Two-Step Tuning Analysis: To show the effect of the two step fine-tuning on vehicle categorization, visualization with class-activation map (CAM) [10] is performed on the last learned features. In CAM, the last layer in the network should be a global average pooling layer (GAP) after the last convolution. This GAP layer is then connected with the fully connected layers and the weights are learned. By doing this, we can know the weight of each feature map j before the GAP layer for each class i by examining the weight \(W_{ij}\). In Fig. 2, the heat map for BoxCars [3], one-step fine-tuning, and two-step fine-tuning are shown. BoxCars method, due to 3D unboxing, attends mostly to the side view parts only regardless the category. On the extreme side, the one step fine-tuning with random weights initialization in the last layers gives a heat map that is scattered all over the image. The network did not learn to attend to particular parts of the image although there can be some negatively attended parts (blue). However in the two-step fine-tuning, the network’s heat map is more similar to unboxing output with focused attention on certain parts of the vehicle for each category. It is worth noting that the network attends to the same areas/parts for vehicles of the same category even with slight rotations.

Fig. 2.
figure 2

CAM visualization for the ResNet50 networks trained on BoxCars116. The three rows shows heat map for 3D unboxing [3], one-step fine-tuning, and two-step fine-tuning from top to bottom respectively. Each pair of columns belong to the same vehicle with slight camera rotation but has similar heat maps in two-step fine-tuning. (color figure online)

Co-occurrence Analysis: As CompCars has finer high resolution, we visualize the learned features in COOC layer.
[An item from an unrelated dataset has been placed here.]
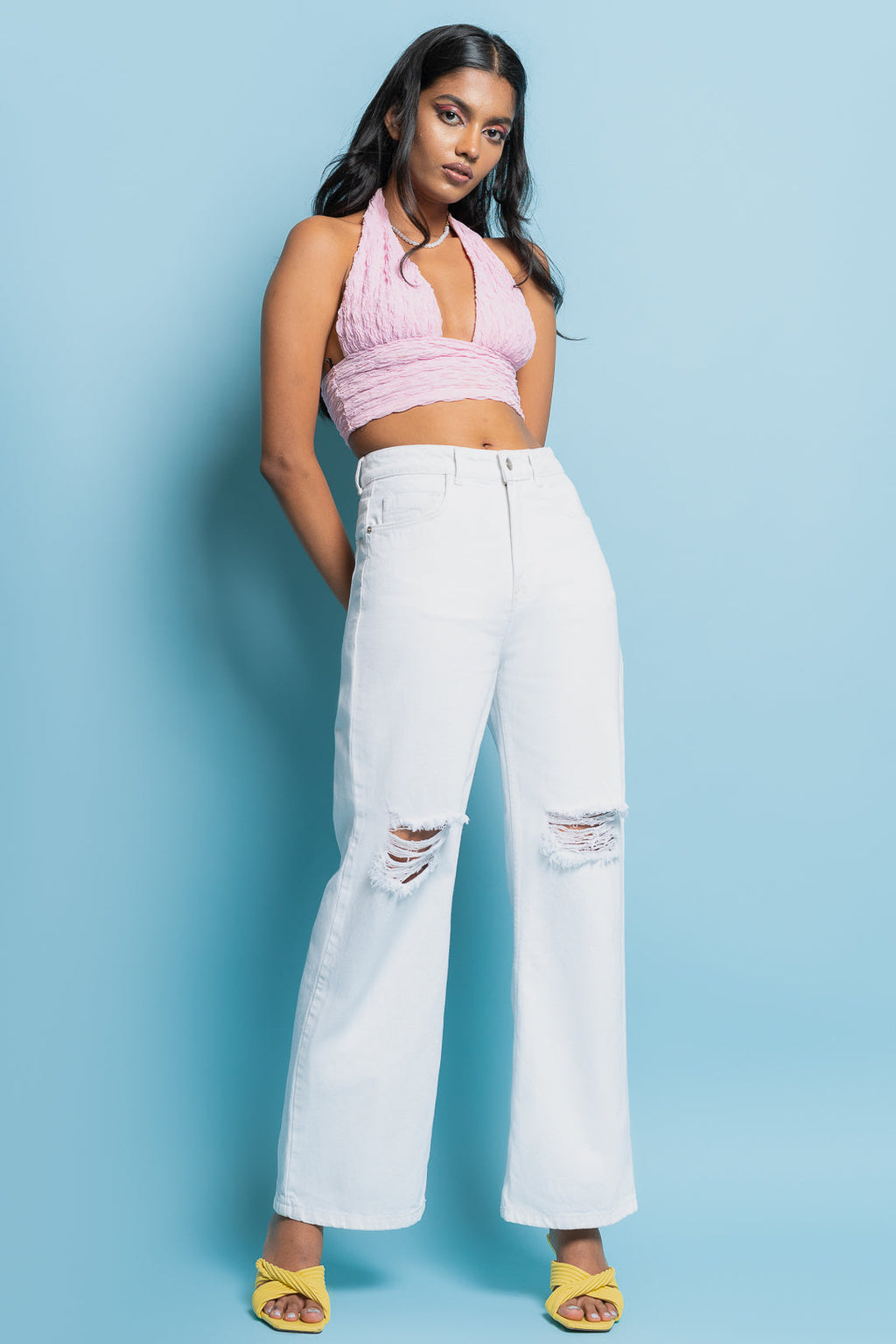 White Distress Women's Wide Jeans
Figure 3 shows three different categories defined by their make and model. Visualization is done by inspecting the pair of features corresponding to the most activated COOC neuron in a category and displaying the corresponding \(F_i\) and \(F_j\) maps. As can be seen, the most activated pair of features that jointly occur are recurring within the category. This highlights the importance of COOC layer to capture the relations between the detected features.

Fig. 3.
figure 3

Co-occurence heat map. Each row is a different vehicle class where each triplet of images represent the two highly jointly activated features and the input image respectively. The pair of features are consistently activated within the same category.

4 Conclusion

We have proposed an architecture for fine-grained vehicle classification without part annotation or 3D information. Our approach achieves the best results compared to the state-of-the art methods by a margin 4% on BoxCars116K and CompCars datasets. We utilize the learned high-level features in deep networks with co-occurrence layer to obtain unsupervised part information. In addition, we fine-tune with two steps (1) transfer, and (2) fine-tune for better weights transfer with existent random weights.